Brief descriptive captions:

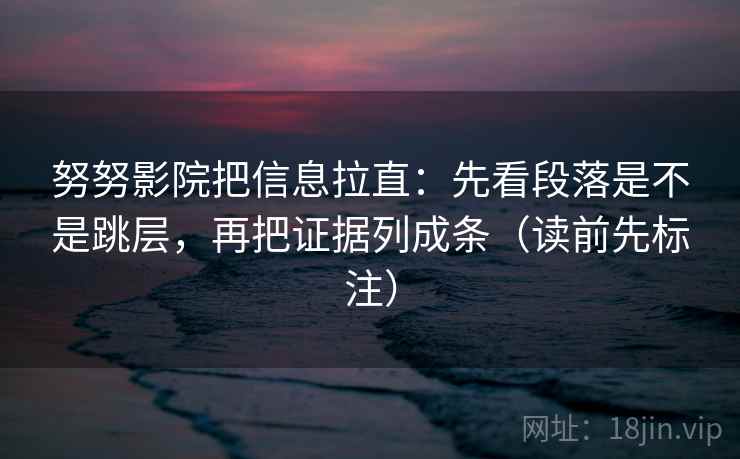 努努影院把信息拉直：先看段落是不是跳层，再把证据列成条（读前先标注）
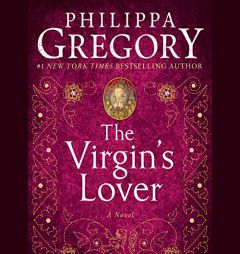 The Virgin's Lover by Philippa Gregory Paperback Book
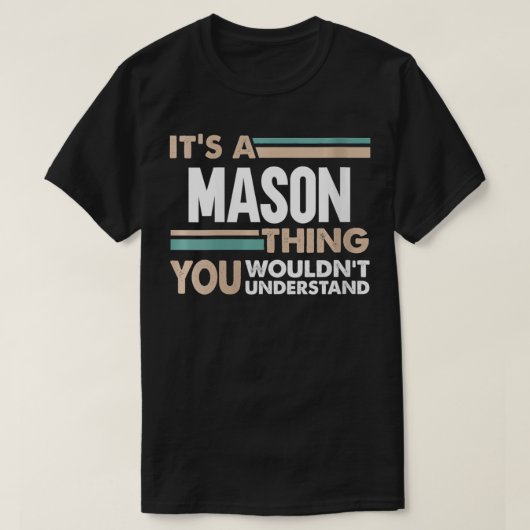Vrouwen Het is een Mason-ding dat je niet zou begr T-shirt (Design voorkant)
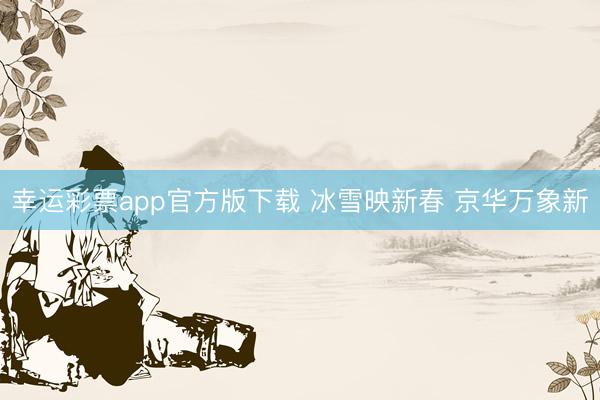 幸运彩票app官方版下载 冰雪映新春 京华万象新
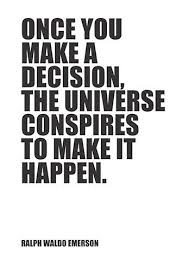 Once You Make A Decision The Universe Conspires To Make It Happen Ralph Waldo Emerson Positive Quotes Emerson Quotes Destiny Quotes Universe Quotes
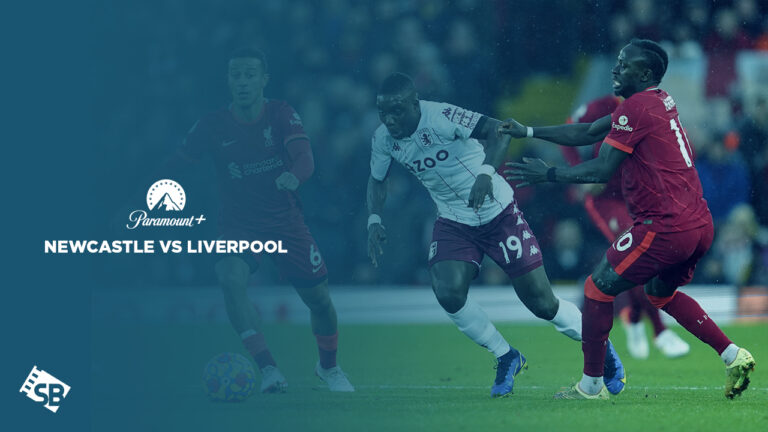 Watch-Newcastle-vs-Liverpool-Live-Stream-in-Australia-on-Paramount-Plus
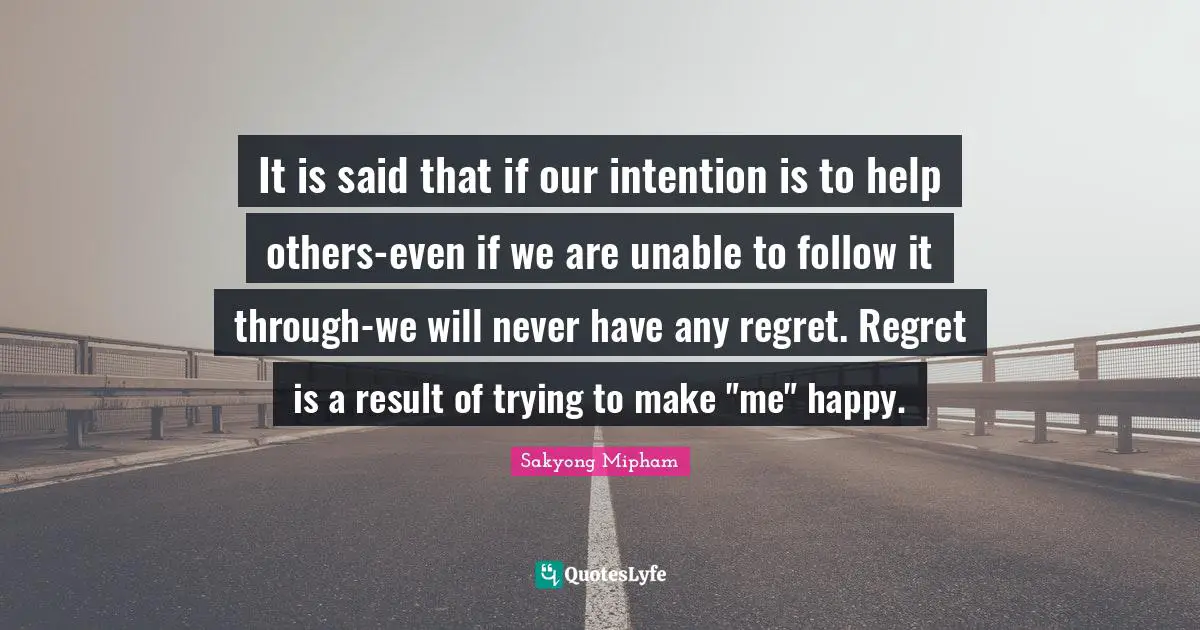 It is said that if our intention is to help others-even if we are unable to follow it through-we will never have any regret. Regret is a result of trying to make "me" happy.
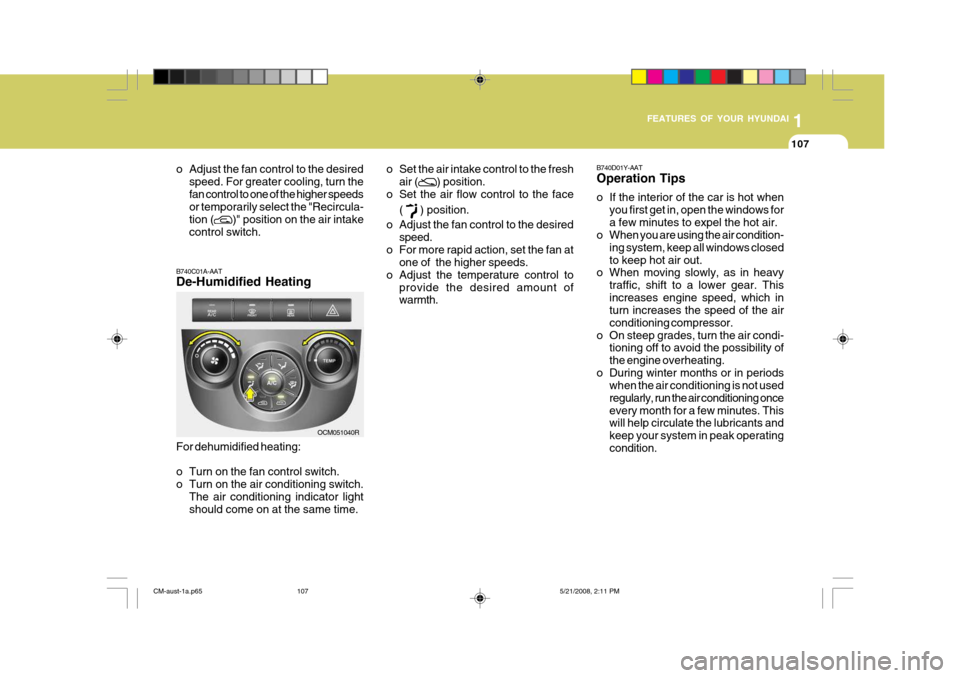 Hyundai Santa Fe 2009  Owners Manual - RHD (UK, Australia) 1
FEATURES OF YOUR HYUNDAI
107
o Adjust the fan control to the desired speed. For greater cooling, turn the fan control to one of the higher speeds or temporarily select the "Recircula- tion (
)" posi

What is needed:
Please make an exact copy of the records, leaving out any picture.

Completed task:
 努努影院把信息拉直：先看段落是不是跳层，再把证据列成条（读前先标注）
 The Virgin's Lover by Philippa Gregory Paperback Book
Vrouwen Het is een Mason-ding dat je niet zou begr T-shirt (Design voorkant)
 幸运彩票app官方版下载 冰雪映新春 京华万象新
 Once You Make A Decision The Universe Conspires To Make It Happen Ralph Waldo Emerson Positive Quotes Emerson Quotes Destiny Quotes Universe Quotes
 Watch-Newcastle-vs-Liverpool-Live-Stream-in-Australia-on-Paramount-Plus
 It is said that if our intention is to help others-even if we are unable to follow it through-we will never have any regret. Regret is a result of trying to make "me" happy.
 Hyundai Santa Fe 2009  Owners Manual - RHD (UK, Australia) 1
FEATURES OF YOUR HYUNDAI
107
o Adjust the fan control to the desired speed. For greater cooling, turn the fan control to one of the higher speeds or temporarily select the "Recircula- tion (
)" posi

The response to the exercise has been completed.